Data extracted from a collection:
# # #

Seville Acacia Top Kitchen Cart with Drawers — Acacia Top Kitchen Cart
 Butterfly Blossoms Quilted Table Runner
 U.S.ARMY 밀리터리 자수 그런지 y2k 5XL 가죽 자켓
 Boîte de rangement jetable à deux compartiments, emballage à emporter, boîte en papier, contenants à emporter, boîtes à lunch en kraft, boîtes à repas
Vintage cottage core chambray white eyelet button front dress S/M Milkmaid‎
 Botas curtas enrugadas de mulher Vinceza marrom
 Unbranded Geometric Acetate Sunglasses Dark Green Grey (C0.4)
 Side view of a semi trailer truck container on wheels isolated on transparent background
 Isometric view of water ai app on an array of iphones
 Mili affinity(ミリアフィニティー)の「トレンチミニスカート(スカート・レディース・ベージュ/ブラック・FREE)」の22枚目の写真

# # #

-- Task --
Beginning with the line that holds "Botas curtas enrugadas", please return every line through the end of the data, exactly as written.

-- Result --
 Botas curtas enrugadas de mulher Vinceza marrom
 Unbranded Geometric Acetate Sunglasses Dark Green Grey (C0.4)
 Side view of a semi trailer truck container on wheels isolated on transparent background
 Isometric view of water ai app on an array of iphones
 Mili affinity(ミリアフィニティー)の「トレンチミニスカート(スカート・レディース・ベージュ/ブラック・FREE)」の22枚目の写真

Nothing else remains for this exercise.